Tuesday, March 1, 2016

Miracles

The manna ceased on the day they ate the produce of the land, and the Israelites no longer had manna; they ate the crops of the land of Canaan that year.         Joshua 5:12


During all the time the Israelites were in the wilderness, God fed them. Though they disobeyed, grumbled, made a golden calf and generally were an unpleasant and distrustful lot, God fed them.

I wonder if the miracle is not that God made manna fall from the sky for their daily food, but that God persisted in faithfulness to them when they weren’t likable travelers, which was most of the time!

When they needed food, God rained it down on them. And when they arrived in a place where manna was no longer needed, it stopped. The simple verse above reminds me that God pays attention to us, knows our needs, and cares for us in the way that is most beneficial to us. It may not be the way we think it should happen. It may not be as unusual as manna; it may be produce that grows in the usual way. But are crops that grow from the soil any less miraculous than manna dropping from the sky?

A favorite quote of mine is one I read in The Irresistible Revolution by Shane Claiborne. Claiborne is actually relating a response he received from one of his college Bible teachers when he asked the instructor if he still believed in miracles. The instructor said “we have insulated ourselves from miracles. We no longer live with such reckless faith that we need them.
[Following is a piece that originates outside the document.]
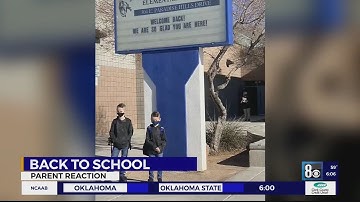 Parents react to kids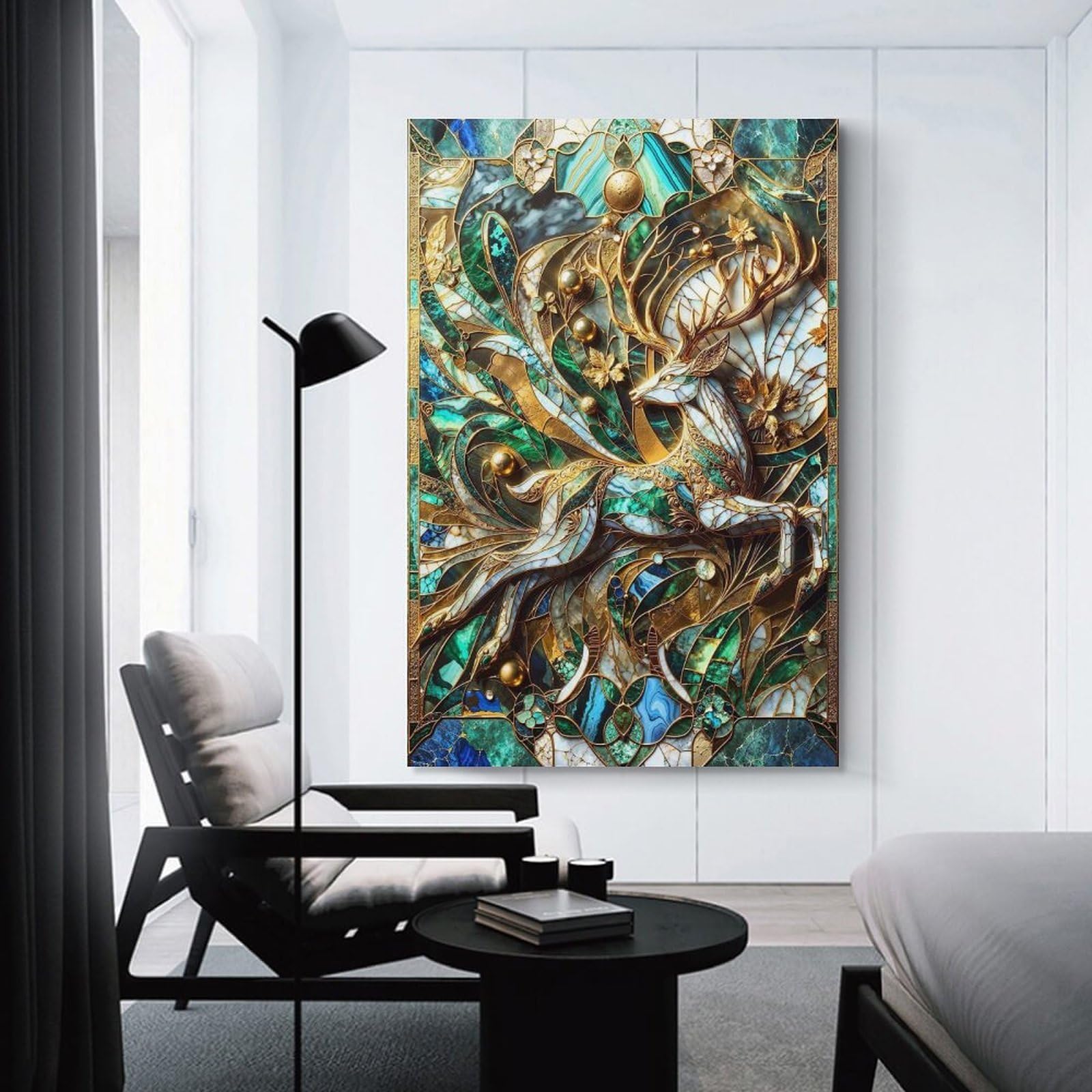Junmoney Canvas Wall Art Spirit of The Forest, 08x12inch(20x30cm), for New Homes, Bedrooms Or Workspaces, Canvas Artwork with Gifting Potential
There is rarely room for the transcendent in our lives. If we get sick, we go to a doctor. If we need food, we go to a store and buy it. We have eliminated the need for miracles. If we had enough faith to depend on God like the lilies and the sparrows do, we would see miracles. For is it not a miracle that the birds find enough worms each day?”

If we really stop to think about it, what we may think of as ordinary is miraculous. Today I enjoyed a beautiful late winter day. It was a good day to be in the car, and as I sat at a traffic signal, I was mesmerized by the clouds drifting across the sky. What could be more beautiful? How do they do that?

And yesterday, I was thinking about a recent joyous occasion in my life, and the web of events that led to this occasion. Some didn’t even involve me. Some occurred over five years ago. Some seemed so insignificant at the time they occurred that I would not have given them a second thought had I not been reflecting on this joyous occasion. Yet had any single one of these events not happened, I might not have had this significant occasion to celebrate. The web of life is intricate, interconnected and miraculous!

To see the world with eyes of wonder, to make room for the transcendent, the miraculous, is to make all of life sacramental—the apple, the cloud, the soil, the meal shared with a friend. There is no place where God is not.